The Supreme Court recalled that the court is not bound by the conclusions of the expert’s report, which are merely elements of persuasion, just like other evidentiary means, and must be left to the judge’s discretion.
Thus, in order for the higher courts to be able to subsequently conduct a review of lawfulness in any means of appeal, the inferior court’s decision on whether or not to accept the expert’s conclusions must be motivated. This is particularly important when, reaching conclusions other than those contained in the report on the basis of the other evidence in the case, the court dismisses the expert’s report as unconvincing or upholds it, even though one of the parties had requested its dismissal.
In the present case, the plaintiff requested the annulment of a tax assessment decision concerning additional tax liabilities established following a tax inspection.
The High Court of Cassation and Justice annulled the judgment of the first court that had limited itself to reasoning only based on the defences formulated by the plaintiff and on the conclusions of the expert accountant’s report, favourable to the plaintiff. In reality, that report had also confirmed the findings of the tax inspection bodies, which were not favourable to the plaintiff.

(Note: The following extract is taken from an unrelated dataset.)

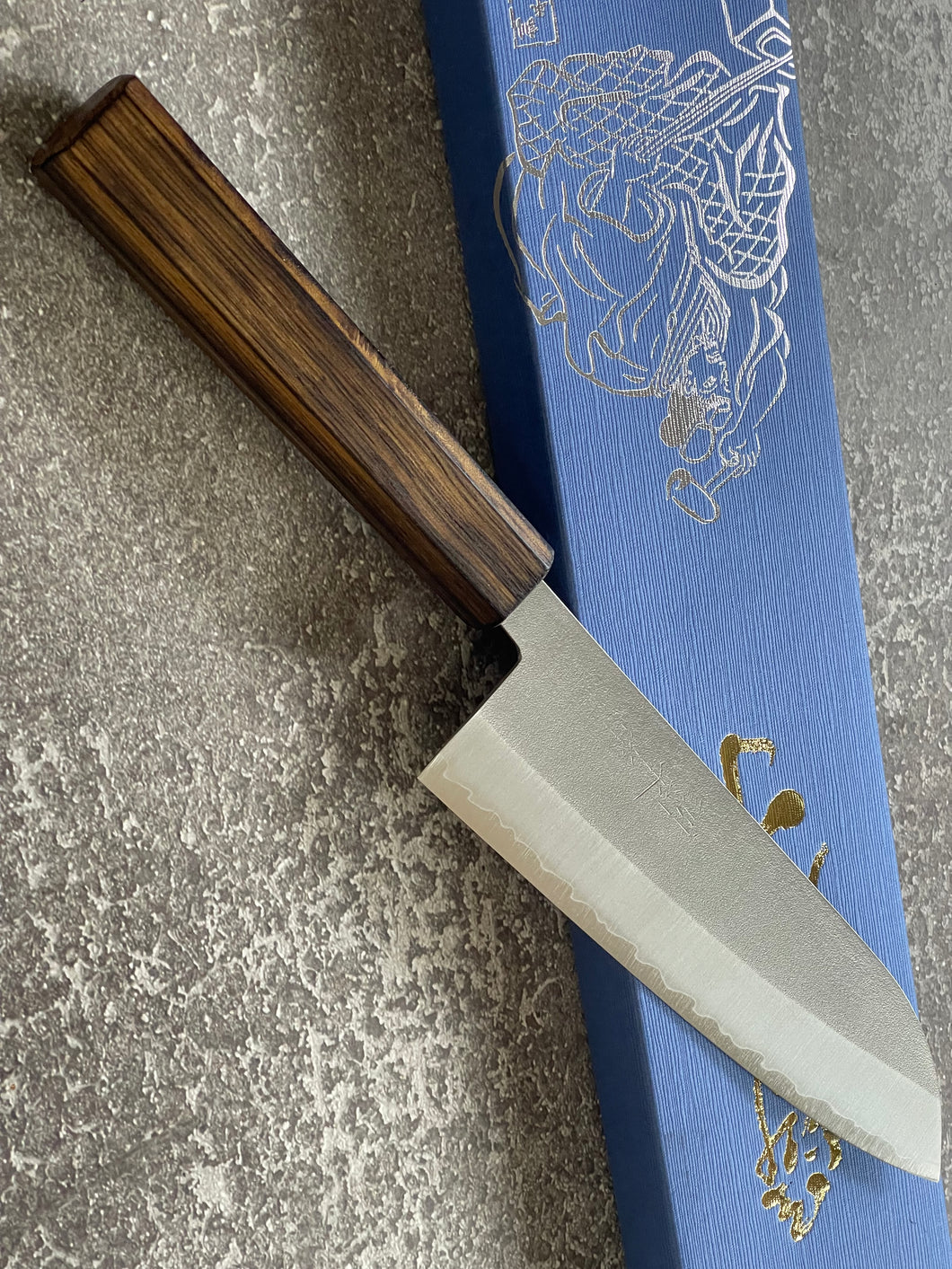 Masutani Kokuryu Nashiji Santoku 170mm  VG1 Steel Oak Handle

Thus, the flaw lies in the fact that the judge of first instance did not justify the dismissal or disregard of such expert findings.
Therefore, in such situations, it is necessary that the expert’s report be redone, in view of all the circumstances that have not been clarified, or even that a new expert’s report be prepared and that any additional evidence that may lead to the correct establishment of the factual situation and the discovery of the truth be taken into account.